The main difference between those alternatives and Hadoop is that Hadoop is more geared to parallel aggregation of large distributed file systems rather then being a generic job execution framework. On the other hand most of the Grid frameworks that I mentioned are geared toward batch execution rather then synchronous aggregated execution. GridGain is a relatively new and interesting player in that space that seem to compete more with the Hadoop model then with the classic batch processing grid providers and since it is java based it brings some of the simplicity and code distribution benefits that exist with other java based solution.
Having said all that the requirements that you mentioned indicate some of the limitations of having a specialized framework such as Hadoop narrowed to specific scenario. If you want to do something slightly different such as parallel batch job as appose to parallel aggregated job you probably need to use a totally different solution.
One of the nice things with Space model is that you can easily use it to address both scenarios. We extended the JavaSpace model and beyond the API abstraction that I mentioned earlier we added support for monitoring and the ability to support both asynchronous batch processing or synchronous aggregated operations where you write set of tasks in parallel and block for the immediate results in similar to the way you would do it with Hadoop(See a reference here: http://wiki.gigaspaces.com/display/GS66/OpenSpaces+Core+Component+-+E... s). Since we use the space as the data layer and execution layer you get data affinity pretty much built into the model i.e. you can decide to route the task to where the data is and save the overhead associated with moving of that data or accessing it over the network. We also provide built in support for executing Groovy, JRuby and other dynamic languages tasks which gives another dynamic capabilities. One of the common use case is using dynamic languages as a new form of stored procedure (in away you can think of SQL as a specialized case of dynamic language as well). And the nice things that it all runs in EC2 today.

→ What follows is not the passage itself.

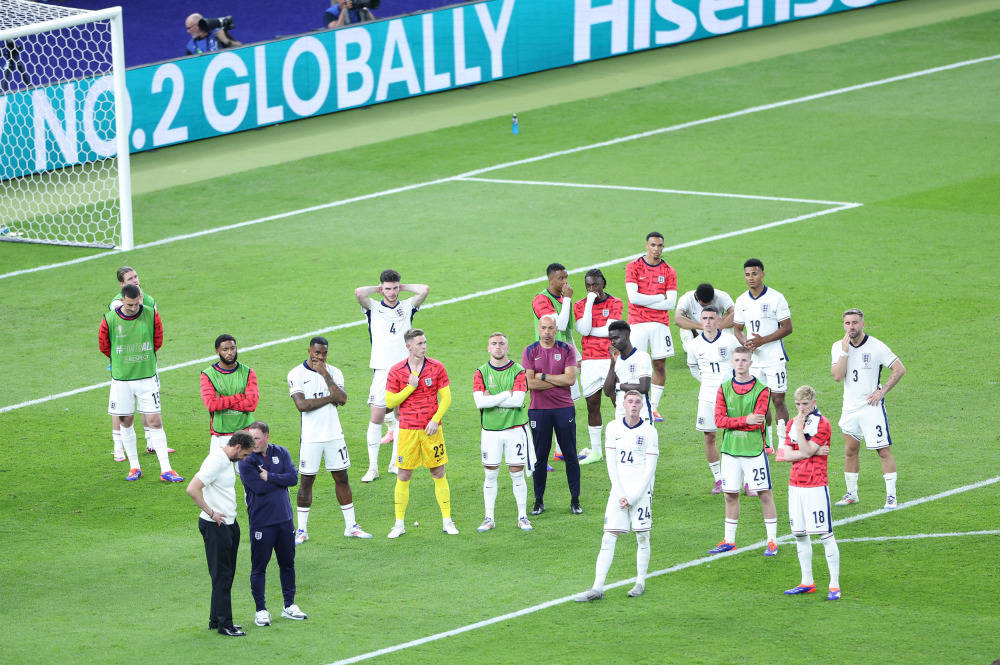 雷火电竞合作-英格兰队战胜哈萨克斯坦，确保欧洲杯资格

[mailto:cloud-computing@googlegroups.com] On Behalf Of Paco NATHAN Sent: Tuesday, September 02, 2008 5:48 AM To: cloud-computing@googlegroups.com Subject: Re: Is Map/Reduce going mainstream?
For example, you may have large Hadoop jobs as important batch processes which are best to run on elastic resources. What framework gets used to launch and monitor those resources, then pull back results after the job has completed? Can I specify to that framework some tagged build from my SVN repository? How about data which fits best in a distributed cache, not in HDFS?
If the batch process is critical to my business, how do I automated it - like in a crontab? As far as I can tell, none of the cloud providers address this kind of requirement. Hadoop does not include those kinds of features.
From what I can see, RightScale probably comes closest to providing services in that area.
Paco
On Mon, Sep 1, 2008 at 8:30 PM, <natisha...@gmail.com> wrote:
> 3. An executor interface that enables you to "ship" code to a cluster > of machines and execute that code in parallel.